* **Task objective**
Reproduce every entry that follows word for word, but omit the images.

Content starts

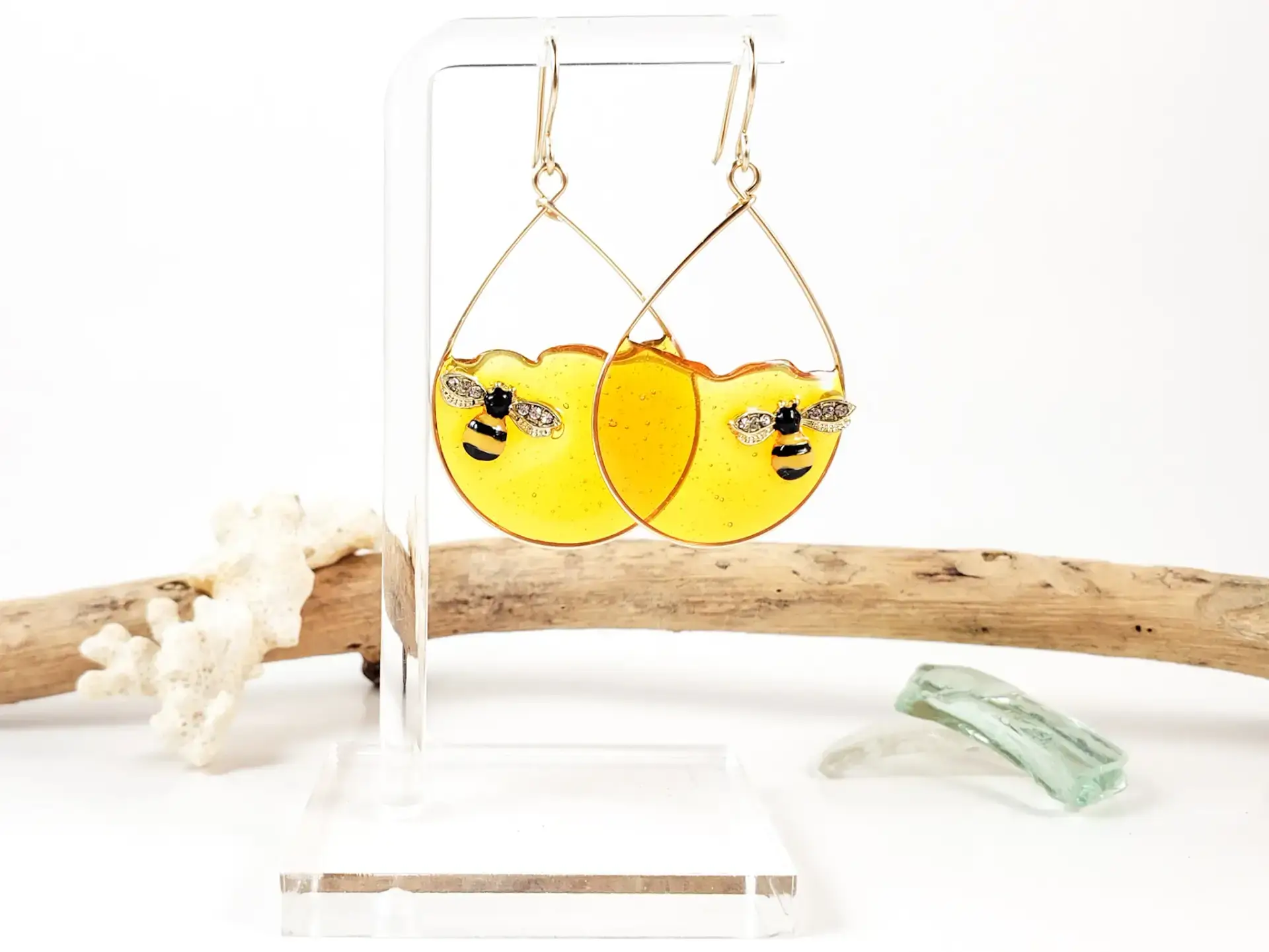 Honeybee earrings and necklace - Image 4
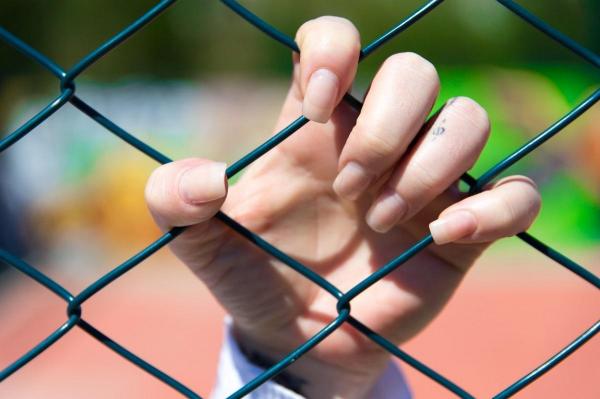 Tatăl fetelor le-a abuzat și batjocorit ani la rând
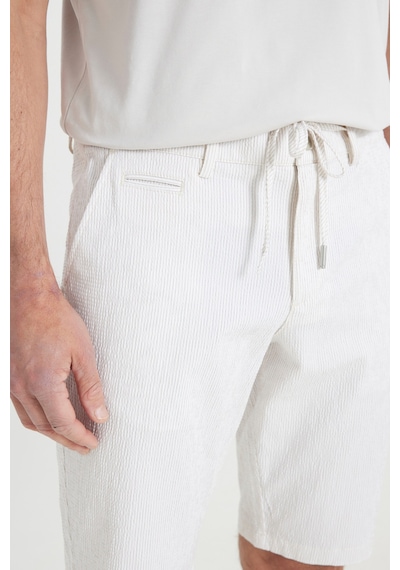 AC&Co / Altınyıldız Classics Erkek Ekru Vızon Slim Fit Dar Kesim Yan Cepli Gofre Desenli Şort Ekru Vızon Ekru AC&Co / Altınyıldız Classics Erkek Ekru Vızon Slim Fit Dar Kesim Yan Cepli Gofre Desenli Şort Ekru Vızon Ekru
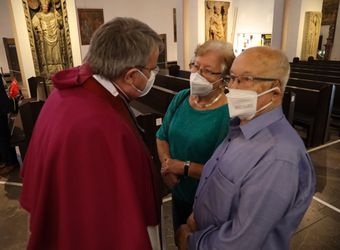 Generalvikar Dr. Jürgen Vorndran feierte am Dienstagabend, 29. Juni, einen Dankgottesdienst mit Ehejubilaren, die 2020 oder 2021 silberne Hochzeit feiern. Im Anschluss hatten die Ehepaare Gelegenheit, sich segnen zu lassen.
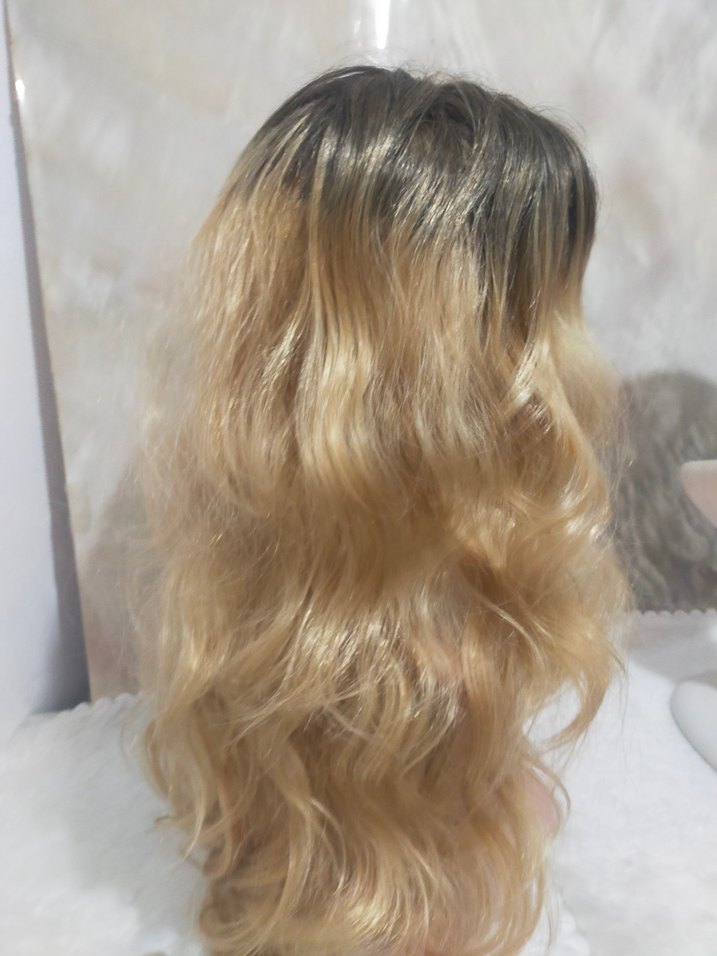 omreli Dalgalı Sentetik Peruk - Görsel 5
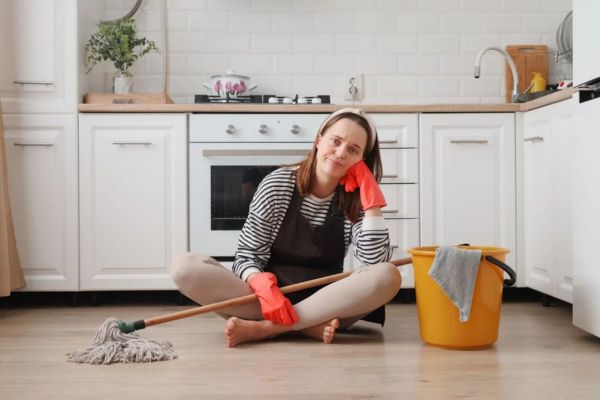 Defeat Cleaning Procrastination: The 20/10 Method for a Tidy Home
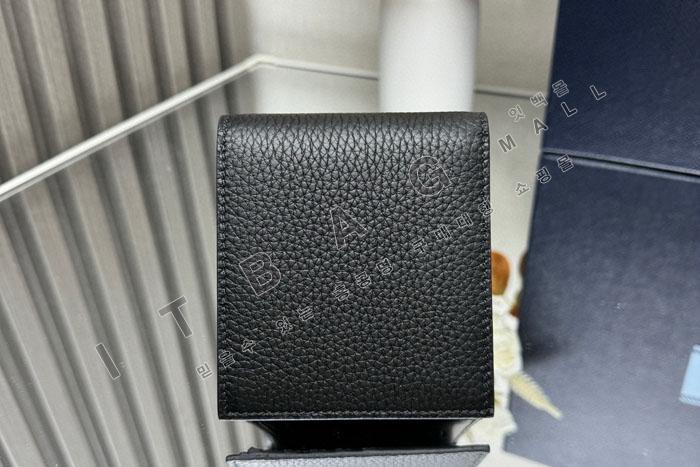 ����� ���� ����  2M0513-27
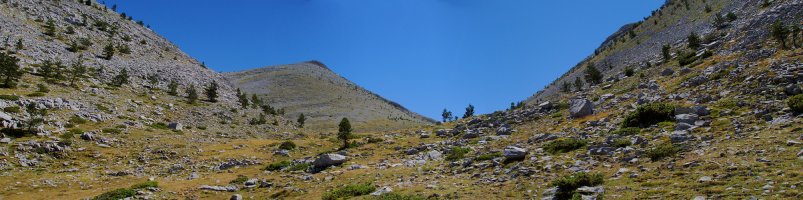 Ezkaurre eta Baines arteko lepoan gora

Content ends

* **Answer to this exercise**
 Honeybee earrings and necklace - Image 4
 Tatăl fetelor le-a abuzat și batjocorit ani la rând
 AC&Co / Altınyıldız Classics Erkek Ekru Vızon Slim Fit Dar Kesim Yan Cepli Gofre Desenli Şort Ekru Vızon Ekru AC&Co / Altınyıldız Classics Erkek Ekru Vızon Slim Fit Dar Kesim Yan Cepli Gofre Desenli Şort Ekru Vızon Ekru
 Generalvikar Dr. Jürgen Vorndran feierte am Dienstagabend, 29. Juni, einen Dankgottesdienst mit Ehejubilaren, die 2020 oder 2021 silberne Hochzeit feiern. Im Anschluss hatten die Ehepaare Gelegenheit, sich segnen zu lassen.
 omreli Dalgalı Sentetik Peruk - Görsel 5
 Defeat Cleaning Procrastination: The 20/10 Method for a Tidy Home
 ����� ���� ����  2M0513-27
 Ezkaurre eta Baines arteko lepoan gora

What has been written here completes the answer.